Electric stations driven by impulse wheels under great heads, like those at Colgate, Electra, Kern River, Santa Ana River, and Mill Creek, may be located far enough above the beds of their water-courses to avoid dangers from freshets, without serious loss of available power.


CHAPTER VIII.
DESIGN OF ELECTRIC WATER-POWER STATIONS.

Fig. 25.—Cross Section of Columbus, Ga., Power-station.

[Larger cross section] (251 kB)

Water-wheels must be located at some elevation between that of head- and tail-water. With horizontal shafts and direct-connected wheels and generators the main floor of the station is brought below the level of the wheel centres. This is much the most general type of construction, and was followed in the Massena, Sault Ste. Marie, Cañon Ferry, Colgate, Electra, Santa Ana, and many other well-known water-power stations. If horizontal shafts are employed for wheels and generators with belt or rope connections between them the floor of the generator room may be elevated a number of feet above the wheels. This difference of elevation is usually provided for either by upper and lower parts of the same room, or by separate rooms one above the other and a floor between them. A two-story construction of this latter sort was frequently adopted in the older water-power stations, and good examples of it may be seen in connection with the electrical supply system at Burlington, Vt., and the Indian Orchard station in the Springfield, Mass., system. Vertical wheel shafts make the elevation of the main or generator floor of a station independent of that of the wheels, and thus give the highest degree of security against high water.

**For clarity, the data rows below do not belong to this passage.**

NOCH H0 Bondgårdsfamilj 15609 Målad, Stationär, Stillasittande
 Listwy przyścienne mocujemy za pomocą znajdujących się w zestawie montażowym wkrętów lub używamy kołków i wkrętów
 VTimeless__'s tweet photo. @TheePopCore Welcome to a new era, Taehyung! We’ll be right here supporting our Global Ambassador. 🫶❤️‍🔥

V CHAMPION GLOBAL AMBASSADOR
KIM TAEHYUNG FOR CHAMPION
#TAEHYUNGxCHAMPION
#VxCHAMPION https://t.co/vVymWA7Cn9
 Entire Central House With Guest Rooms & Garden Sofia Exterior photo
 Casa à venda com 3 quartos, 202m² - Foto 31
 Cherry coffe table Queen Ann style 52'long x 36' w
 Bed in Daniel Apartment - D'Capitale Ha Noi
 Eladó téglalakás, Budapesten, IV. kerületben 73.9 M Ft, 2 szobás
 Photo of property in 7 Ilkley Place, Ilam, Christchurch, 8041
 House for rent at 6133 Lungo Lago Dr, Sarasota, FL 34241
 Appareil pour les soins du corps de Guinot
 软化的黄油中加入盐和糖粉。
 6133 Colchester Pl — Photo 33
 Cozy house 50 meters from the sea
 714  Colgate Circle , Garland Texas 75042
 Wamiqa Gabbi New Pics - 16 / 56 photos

After the vertical wheel shaft reaches the generator room, it may be geared to a horizontal shaft that has one or more dynamos directly mounted on it, or drives dynamos through belts or ropes. Belt-driving in this way, from horizontal shafts connected by bevel gears with vertical wheel shafts, is not uncommon in the older class of water-power stations. Generators mounted singly or in pairs on horizontal shafts that are driven by gearing on vertical wheel shafts have been adopted at the Lachine Rapids and South Bend plants, and it seems to offer a desirable method of connection in cases where vertical wheels are necessary and the cost of generators must be kept at a low figure. With this method of driving the generators can be designed for any economical speed and step bearings avoided.